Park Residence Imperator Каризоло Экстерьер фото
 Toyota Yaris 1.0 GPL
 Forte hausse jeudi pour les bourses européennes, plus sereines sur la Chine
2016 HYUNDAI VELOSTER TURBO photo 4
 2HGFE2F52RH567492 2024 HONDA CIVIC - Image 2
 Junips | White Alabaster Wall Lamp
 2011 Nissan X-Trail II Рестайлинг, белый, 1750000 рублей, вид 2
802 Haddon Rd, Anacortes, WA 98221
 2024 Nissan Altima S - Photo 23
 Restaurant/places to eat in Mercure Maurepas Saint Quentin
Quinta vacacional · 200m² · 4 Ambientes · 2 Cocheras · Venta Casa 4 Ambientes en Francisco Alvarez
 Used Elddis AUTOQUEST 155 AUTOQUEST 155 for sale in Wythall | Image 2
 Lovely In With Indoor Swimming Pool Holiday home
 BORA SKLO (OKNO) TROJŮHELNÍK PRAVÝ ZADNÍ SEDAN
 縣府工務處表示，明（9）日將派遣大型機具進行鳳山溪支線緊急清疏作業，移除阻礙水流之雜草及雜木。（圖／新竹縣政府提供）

Work request: Starting with the first line of the listing, output each line exactly until you have included the one containing "Lovely In With".

Written answer:
Park Residence Imperator Каризоло Экстерьер фото
 Toyota Yaris 1.0 GPL
 Forte hausse jeudi pour les bourses européennes, plus sereines sur la Chine
2016 HYUNDAI VELOSTER TURBO photo 4
 2HGFE2F52RH567492 2024 HONDA CIVIC - Image 2
 Junips | White Alabaster Wall Lamp
 2011 Nissan X-Trail II Рестайлинг, белый, 1750000 рублей, вид 2
802 Haddon Rd, Anacortes, WA 98221
 2024 Nissan Altima S - Photo 23
 Restaurant/places to eat in Mercure Maurepas Saint Quentin
Quinta vacacional · 200m² · 4 Ambientes · 2 Cocheras · Venta Casa 4 Ambientes en Francisco Alvarez
 Used Elddis AUTOQUEST 155 AUTOQUEST 155 for sale in Wythall | Image 2
 Lovely In With Indoor Swimming Pool Holiday home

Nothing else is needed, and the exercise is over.